Small BusinessWritten by Dennis Hollier On 19 April 2012
In support of the newsstand and the independent bookseller

For us book lovers, the story of big box booksellers – especially the defunct ones, like Borders and Crown and Waldenbooks – has proven to be a double tragedy. You know the story. First, these colossii, in their single-minded quest for market share, succeeded in driving almost all the small, independent booksellers out of business. And then, having swept the field of those thousands of competitors – not just the new book sellers, but the used and antiquarian bookstores, too – they promptly imploded, leaving a vacuum in their wake.

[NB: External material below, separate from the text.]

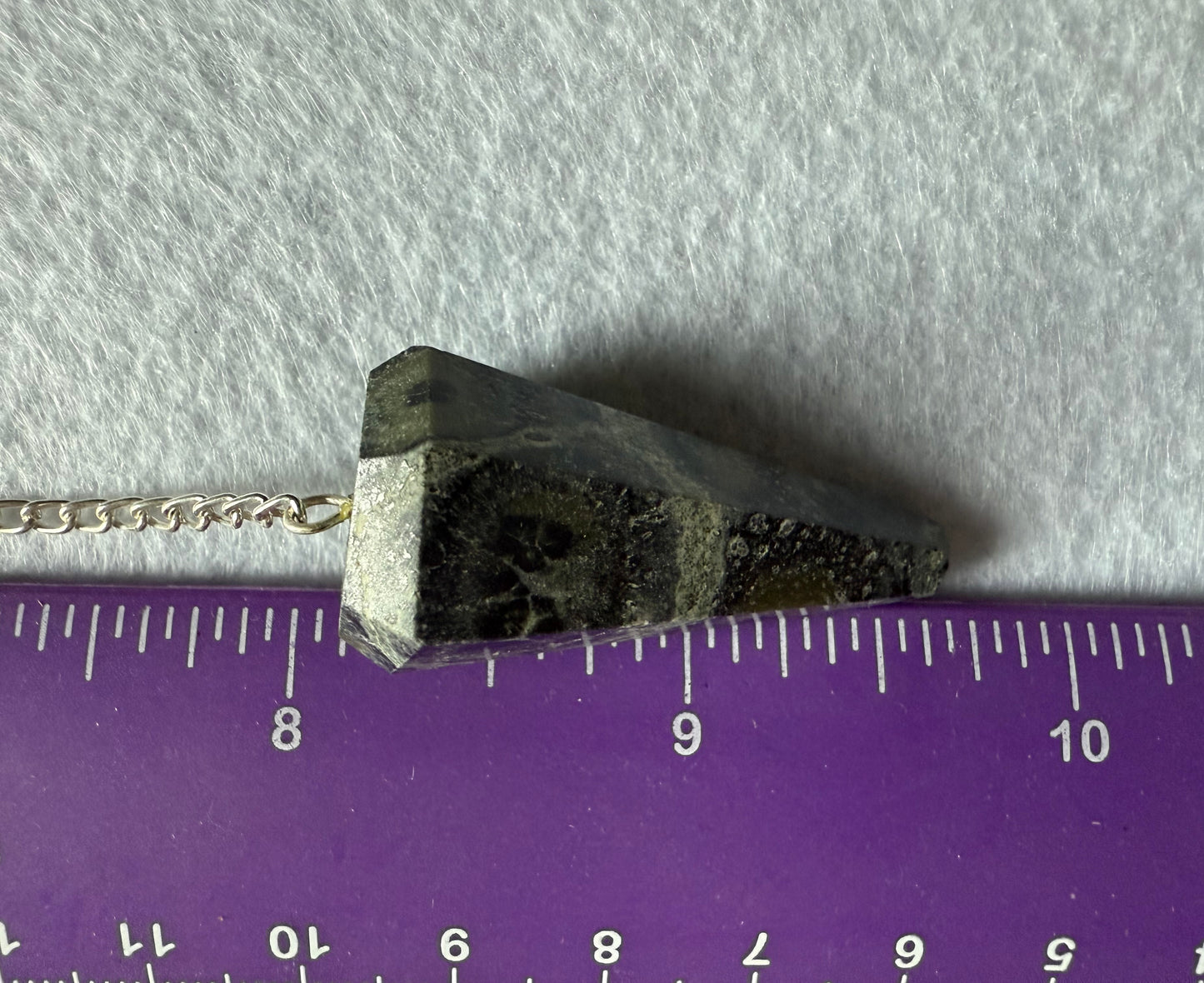 Awesome Kambaba Jasper Pendulum is  1.5” with chain is 9.75”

Of course, us book lovers were complicit in these tragedies. We all paid our lip service to the value of the small book store, the insight of the independent proprietor, the superiority of locally owned business. But we all flocked to the big box, enchanted by the discount prices, the vast selection, and the bright stores – not to mention the coffee and scones. The independent bookstores, starved of customers, began their precipitous decline. Now, as we all flock to Amazon, the decline of the big boxes has been just as steep.

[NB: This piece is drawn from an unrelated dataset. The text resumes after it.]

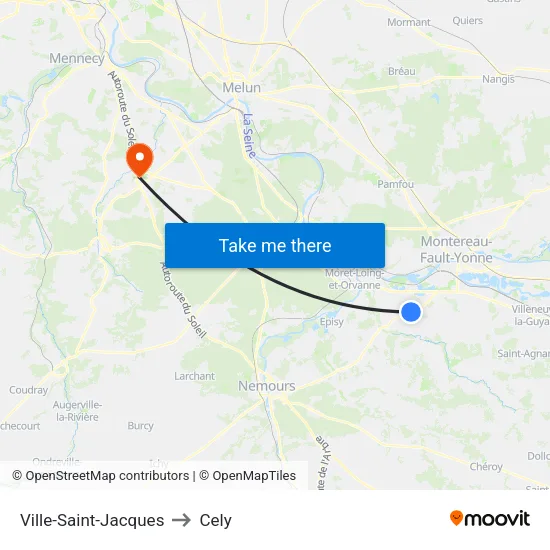 Ville-Saint-Jacques to Cely map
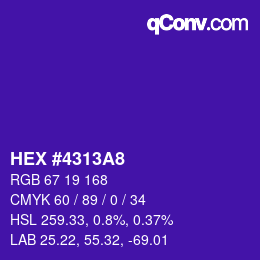 Color code: HEX #4313A8 | qconv.com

As troubling as this all is for the book lovers, it’s even more calamitous for the magazine readers. For those of us that used Borders as their own private reading room (you know you’re one of them) having such a vast, eclectic collection of magazines under one roof was intoxicating. For the price of a cappuccino, you could grab a stack of your favorite travel or fashion or dwelling magazines, plunk yourself down on a cozy sofa in the cafe, and gorge yourself on a free glut of modern culture. Now and then, you’d even buy a magazine. It was a sybarite’s dream; but of course it couldn’t last. And as the big boxes, one by one, have succumbed to market pressures  (you’re next, Barnes and Noble), the inevitable culture gap they’ve left behind has been most acutely felt in the magazine realm.

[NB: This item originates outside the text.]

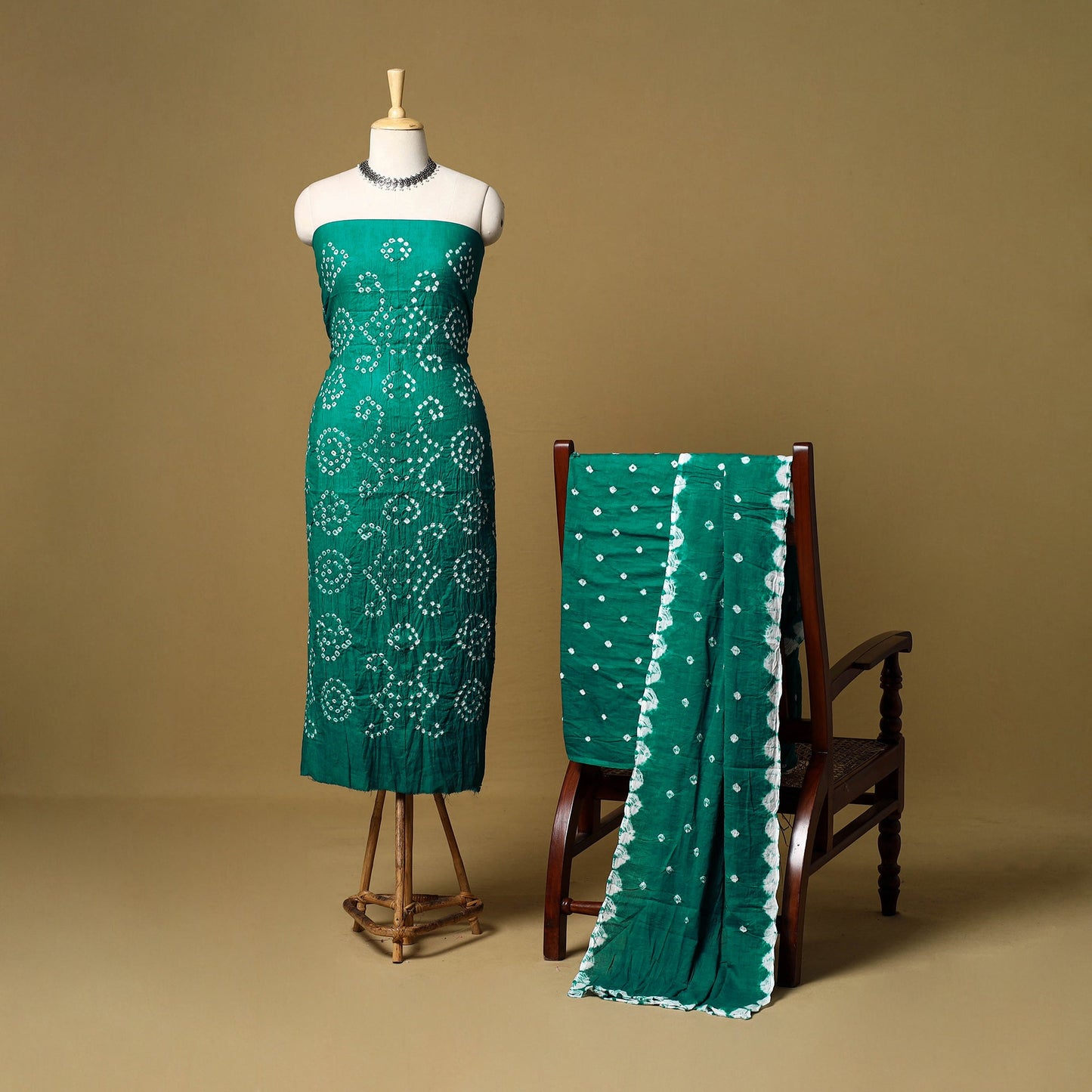 3pc kutch tie-dye satin cotton unstitched bandhani dress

Of course, the big box ethic didn’t go away – especially for magazines. You can still find it in the surprising large magazine racks at drug stores and grocery chains. And the big boxes themselves – the real ones, like Walmart and Costco – certainly shovel out the magazines, too. But for magazine fiends, these giants are just a taste of the same poison. The real answer to the magazine dilemma can only found by going back in time: to the proper newsstand.

King Fort Magazine on Fort Street Mall is a prime example. This old magazine shop has been around for decades, quietly catering to a downtown clientele that clearly likes variety. I visited today and just among automobile magazines, I counted 34 titles, including four on Mustangs. The grocery store may have many of those titles too, but you can’t match a dedicated newsstand for breadth of selection. King Fort offered 12 titles on military history, six on photography, and five shelves of puzzlers. But selection is not just about breadth; it’s also about depth. King Fort’s 10 tattoo mags include the standards, like Inked and Skin Deep, but also the shrink-wrapped, XXX-rated Tabu. (King Fort also has a rack of girlie magazines, once the profit center of newsstands everywhere, but now kind of an afterthought in the age of free Internet porn.) There are niche magazines about sports ranging from golf to karate (though only three titles for sailors like me: Boating, Small Boats and Sailing World.) That mix of specialization and eclecticism is what gives a newsstand charm. King Fort even has three magazines about watches and one devoted entirely to pens. And for the truly niche reader, how about a magazine called The Forensic Examiner. Heaven help the aficionados of the world if newsstands like King Fort all go out of business.

I do, of course, have a personal interest in supporting King Fort. It’s partly about holding on to my favorite place to browse (I confess: I’m no better a customer to King Fort than I was to Borders), but it’s also about the symbiosis between magazine stands and my business – magazine publishing. And King Fort is an important supporter of local publishers like us. In addition to the inevitable Pacific Basin titles, Honolulu, Hawaii Business and Hawaii Magazine, the old Fort Street Mall shop also carries Pacific Edge, Hawaii Skin Diver, Hawaii Fishing News, Out Aloha, Flux Hawaii, Hawaii Bride Groom, Hawaii Weddings and Hi Luxury Magazine. In other words, King Fort Magazine is ground zero for the magazine industry in Hawaii. So if you read magazines, you shouldn’t buy them at the drug store or read them for free at the (please don’t say it’s doomed) Barnes and Noble. Buy them off the rack in a real, old fashioned newsstand.